This is by far the coolest thing I'm going read today! Always learning something new from you.
 
If you can deal with the overwhelming woodsy smell Pinesol diluted 50/50 with water is worth trying. A lot cheaper than brake cleaner. I learned this from the advrider motorcycle forum. I’ve run into those hard as concrete dried vintage grease problems before. It is some tough stuff.
 
Appreciate the replies everyone. I've tried easy off, and it works pretty decent. But not feasible for lots of smaller parts and requires lots of scraping and wire brushing afterwards, and the fumes mess with my asthma. I've read about Lye and TSP soaks with hot water, the only problem is that I don't have water at my shop yet to rinse parts off, or any burners or pots to heat them in.

I'm mainly interested in the 5 gal buckets of brake cleaner or other solvents at the moment, I need something I can dunk the parts into, let sit for a few days, pull them out, then rinse them off with my parts washer. So far the Chem dip has been the only thing that's fit this criteria, but it's around $300 for a 5 gal bucket.

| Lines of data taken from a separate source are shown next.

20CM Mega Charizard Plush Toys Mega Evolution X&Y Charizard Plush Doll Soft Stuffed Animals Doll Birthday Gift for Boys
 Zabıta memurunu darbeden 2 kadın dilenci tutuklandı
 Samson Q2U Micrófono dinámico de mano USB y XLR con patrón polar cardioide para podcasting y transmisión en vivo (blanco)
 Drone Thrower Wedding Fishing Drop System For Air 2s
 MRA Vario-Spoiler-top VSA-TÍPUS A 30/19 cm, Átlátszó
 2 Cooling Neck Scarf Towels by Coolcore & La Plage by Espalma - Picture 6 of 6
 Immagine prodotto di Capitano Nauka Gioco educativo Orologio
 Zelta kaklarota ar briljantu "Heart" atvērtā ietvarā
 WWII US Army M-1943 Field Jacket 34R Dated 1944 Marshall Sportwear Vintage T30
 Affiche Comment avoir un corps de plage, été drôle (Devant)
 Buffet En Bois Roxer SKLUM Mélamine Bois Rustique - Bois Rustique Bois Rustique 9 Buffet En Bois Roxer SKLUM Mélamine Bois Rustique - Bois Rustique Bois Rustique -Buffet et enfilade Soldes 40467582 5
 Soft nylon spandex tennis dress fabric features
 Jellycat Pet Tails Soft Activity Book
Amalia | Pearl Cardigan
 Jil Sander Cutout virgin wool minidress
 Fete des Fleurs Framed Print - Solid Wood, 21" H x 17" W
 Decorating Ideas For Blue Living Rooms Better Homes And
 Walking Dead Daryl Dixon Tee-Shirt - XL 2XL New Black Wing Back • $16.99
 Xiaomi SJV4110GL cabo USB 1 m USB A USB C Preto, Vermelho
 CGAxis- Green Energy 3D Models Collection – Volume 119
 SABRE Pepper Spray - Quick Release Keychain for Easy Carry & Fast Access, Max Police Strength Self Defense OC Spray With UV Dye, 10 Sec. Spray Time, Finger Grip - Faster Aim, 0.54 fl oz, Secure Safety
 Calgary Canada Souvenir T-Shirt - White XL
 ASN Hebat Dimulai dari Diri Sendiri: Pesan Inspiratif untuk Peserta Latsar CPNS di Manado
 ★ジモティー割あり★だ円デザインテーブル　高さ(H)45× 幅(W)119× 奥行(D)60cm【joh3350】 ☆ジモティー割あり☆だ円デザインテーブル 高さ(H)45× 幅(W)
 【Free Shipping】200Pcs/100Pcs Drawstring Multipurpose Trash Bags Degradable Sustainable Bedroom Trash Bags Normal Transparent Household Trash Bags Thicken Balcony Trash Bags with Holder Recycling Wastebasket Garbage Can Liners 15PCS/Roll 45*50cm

Does anyone has any experience with bulk brake cleaner that isn't in an aerosol can? Does it evaporate the same? Clean the same? Etc.

99% of the parts are cast iron or steel. Some brass, but that's all being cleaned by hand.
BERRYMAN'S makes a 1gallon can and a 5 gallon bucket.



 
There are several excellent solvents for grease... including carbon tetrachloride, methyl ethyl ketone, perchloroethylene, trichlorethylenexylene or if you wanted to go "old school"... plain old toluene.